Dominique Desseigne, who owns a chain of luxury hotels, restaurants and casinos, says he briefly dated Ms Dati while she was justice minister.
But he insists he could not have fathered her three-year-old daughter.
He cannot be forced to take the test but the court may interpret a refusal as proof he is the father and liable.
Appointed by former conservative President Nicolas Sarkozy, Ms Dati was the first Muslim woman to serve as a government minister in France.
The wrangle over her child is the latest to cast light on the sexual antics of French politicians, once a taboo subject.
Ms Dati, 46, gave birth as a single mother on 2 January 2009, without naming the father of her child.

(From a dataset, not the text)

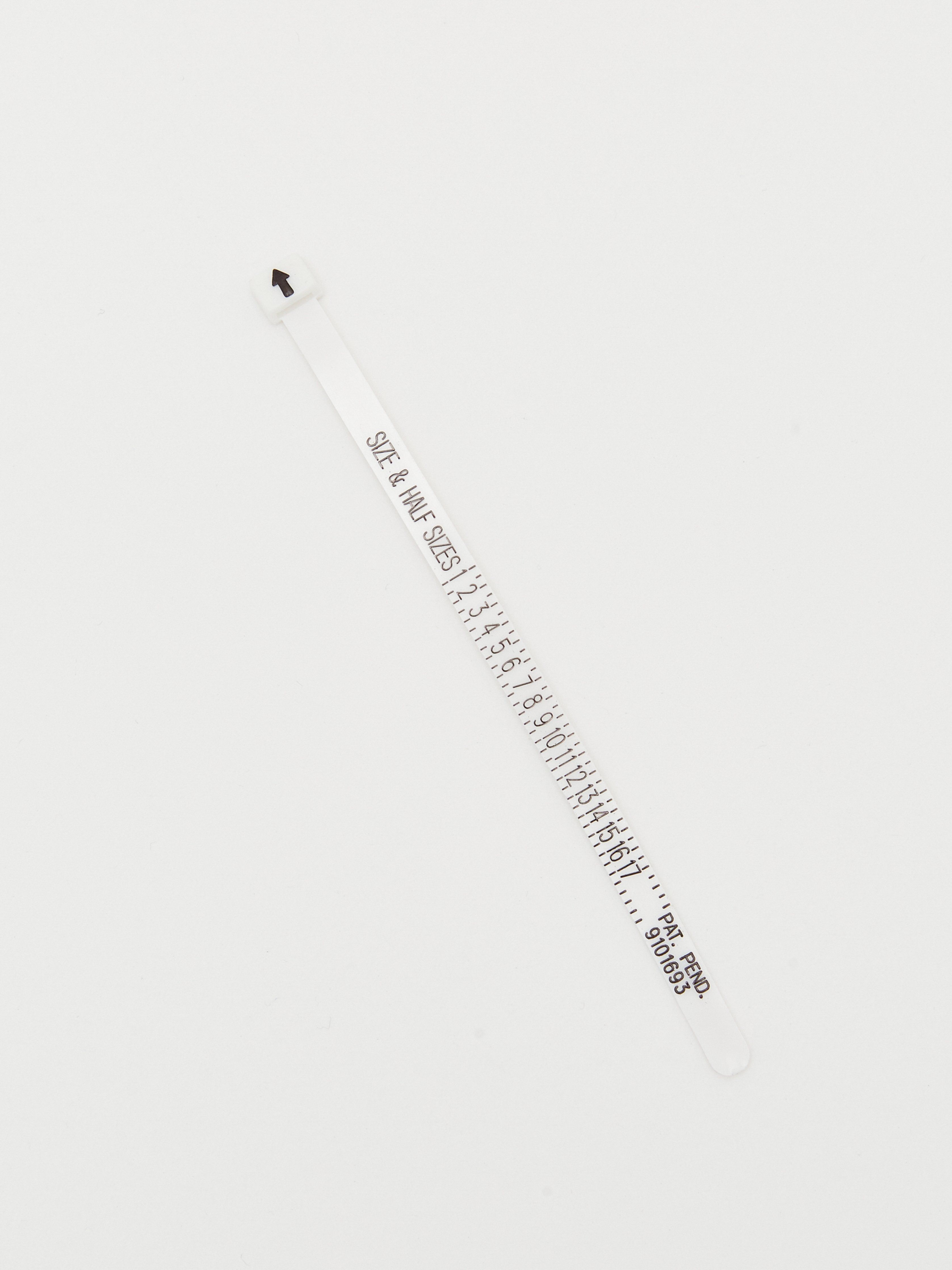 Flat lay view of Ring Sizer measurement stick Bagatiba 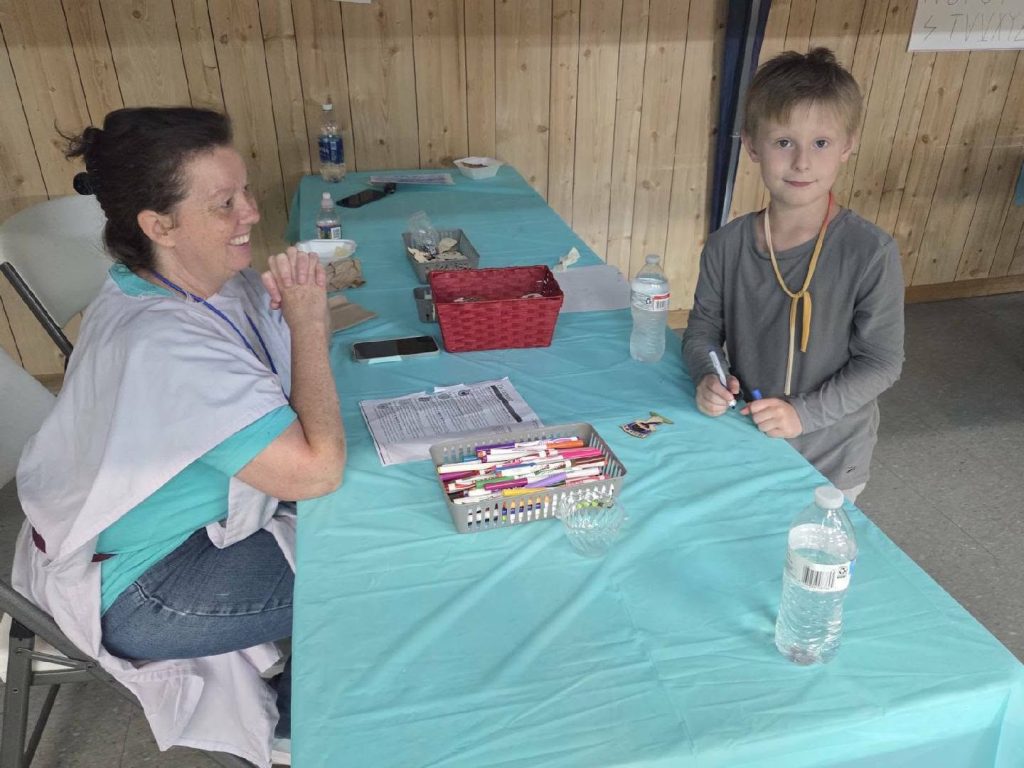 A smiling woman sits at a table with a young child, art supplies, water bottles, and papers on a blue tablecloth in a wood-paneled room.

She took the case against Mr Desseigne to a court in Versailles to try to make him accept paternity.
Friends of Mr Desseigne quoted by French newspaper Le Monde said Ms Dati had sent him letters offering to settle the case out of court.
The friends said he had holidayed with her in Mauritius at the end of 2007 but that the relationship ended in February 2008 with him having made clear he did not want to have a child with her.
According to Le Monde, the businessman's lawyer intends to argue that his client could not have been the father and that Ms Dati had other lovers around the time of the conception.
Speaking to the newspaper himself, Mr Desseigne, 68 and a widower, said he had always acted "correctly" and had nothing to reproach himself about.
He owns the celebrated Champs-Elysees restaurant Fouquet's and his business empire also includes 37 casinos, 15 luxury hotels and 130 restaurants and bars, with a turnover of nearly 1.1bn euros (£0.9bn; $1.4bn) last year.